* **Task directions**
Please repeat each line from the one holding "Howard the Duck #2" through the final line of the data, exactly as it stands, with no pictures.

* **Source material**

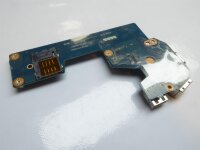 Dell Latitude E5530 USB Lan VGA Board LS-7908P #3191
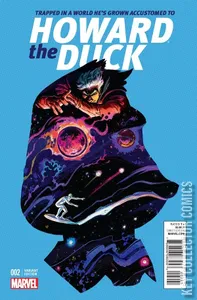 Howard the Duck #2
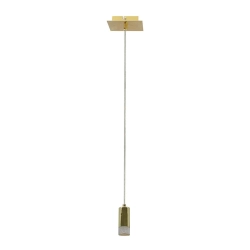 Lampa wisząca Mentin HD443N-01-8144 NN BB Italux - zdjęcie produktu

* **Reply to the exercise**
 Howard the Duck #2
 Lampa wisząca Mentin HD443N-01-8144 NN BB Italux - zdjęcie produktu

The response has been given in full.